O orgulho é um pecado que tem interesse demasiado naquilo que temos de melhor, e mais odiento e indesculpável em nós mesmos do que em outros homens. No entanto, prevalece de tal maneira, que condena nossos sermões, escolhe nossa companhia, molda nosso semblante, coloca enunciação e ênfase em nossas palavras. Enche a mente das pessoas com desejos e aspirações e domina a alma com pensamentos invejosos e amargurados. Lança-as contra os que permanecem na sua luz ou contra quem quer que possa eclipsar o brilho de sua própria reputação! Que companheiro constante, que comandante tirano, que inimigo sutil e surpreendente é o pecado do orgulho! Acompanha os homens à loja, ao armazém e ao alfaiate: escolhe o tecido de suas roupas, enfeites e moda. Sem o domínio de tal tirano vício, haveria menos pastores a se ocupar primariamente com cabelos e vestes enfeitadas.
Quando elabora o sermão, o orgulho vai conosco ao púlpito. Determina o tom da mensagem, anima-nos na entrega e retira dela o que poderia parecer desagradável ainda que necessário, tudo com vistas ao aplauso vão. Em suma, o orgulho obriga aos homens a buscarem a si mesmos, tanto no estudo quanto na pregação. Desse modo, muitos pregadores negam Deus, quando deveriam estar buscando a negação de si mesmos em favor da glória divina. Deveríamos nos perguntar: “O que devo dizer? Como dizer? O que mais agrada ao Senhor e produzirá maior benefício?”. No entanto, continuamos perguntando: “O que devo dizer para que pensem que sou homem letrado, exímio pregador e merecedor do aplauso de todos os ouvintes?”.

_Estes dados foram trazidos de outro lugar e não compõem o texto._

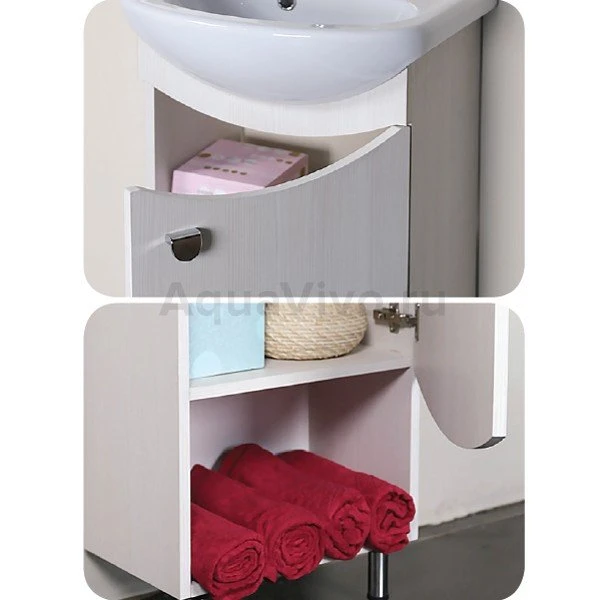 Мебель для ванной Оника Селена 45.01, цвет бодега светлый - фото 1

Ao término do sermão, o orgulho ainda os acompanha. Em casa, desejam saber dos familiares como as pessoas reagiram à pregação, se gostaram e quais os elogios feitos. Alegram-se quando percebem que foram tidos em alta conta, pois julgam ter alcançado sua finalidade. Se, porém, acham que foram tomados por pregadores medíocres ou fracos, desagradam-se porque não receberam o prêmio almejado.

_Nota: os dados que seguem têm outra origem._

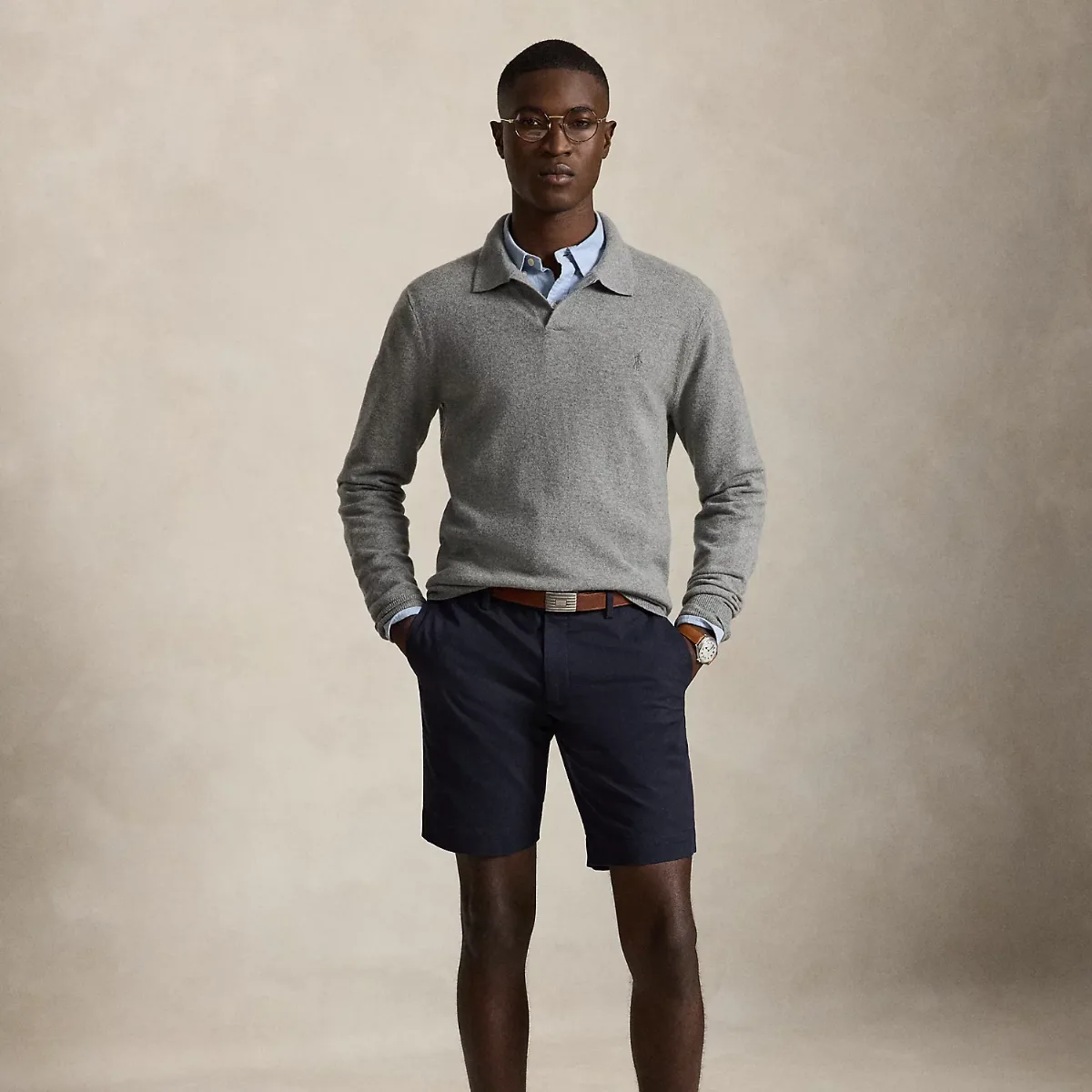 24 cm Greenwich Slim Fit Chino Shorts by Polo Ralph Lauren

Isso ainda não é tudo nem o pior! Há pastores que são contados como piedosos e que acham lugar na alta estima dos homens, que, não obstante, invejam os nomes e os talentos de irmãos que recebem preferência. Agem como se o louvor dado a outrem tivesse sido roubado deles. Andam no mundo como homens de reputação, mas pisam e vilipendiam os dons de Deus a outros concedidos, quando estes lhes parecem impedir a própria honra! Será possível que um santo pregador de Cristo inveje outro portador da imagem e dos dons de Cristo, o único merecedor de glória, só porque lhes parecem impedir a própria glória? Não é certo que todo cristão verdadeiro é membro do corpo de Cristo e, portanto, participante das bênçãos do corpo e de cada membro em particular? Não é certo também que cada membro deve ser grato a Deus pelos dons de seu irmão, não só porque se beneficia deles, tal como o corpo todo usufrui a direção do olho, mas também porque os fins de Deus são atingidos pelo exercício dos dons em mútuo benefício? Se a glória de Deus e o benefício da Igreja não forem seu alvo, tal homem não estará vivendo como um cristão. Poderá, um trabalhador, falar mal de seus pares que partilham da realização da obra do Mestre? No entanto, tal crime hediondo é comum entre os ministros de Cristo! Podem macular silenciosamente a reputação de seus colegas quando sentirem que lhes barram o caminho. O que não fazem abertamente, por vergonha, para não serem comprovadamente mentirosos e caluniadores, farão dissimuladamente, por meio de sugestões maliciosas, suspeição e, até mesmo, por omissão. Alguns chegam a não permitir que pregadores mais hábeis ocupem seus púlpitos, para que não sejam mais elogiados do que eles mesmos.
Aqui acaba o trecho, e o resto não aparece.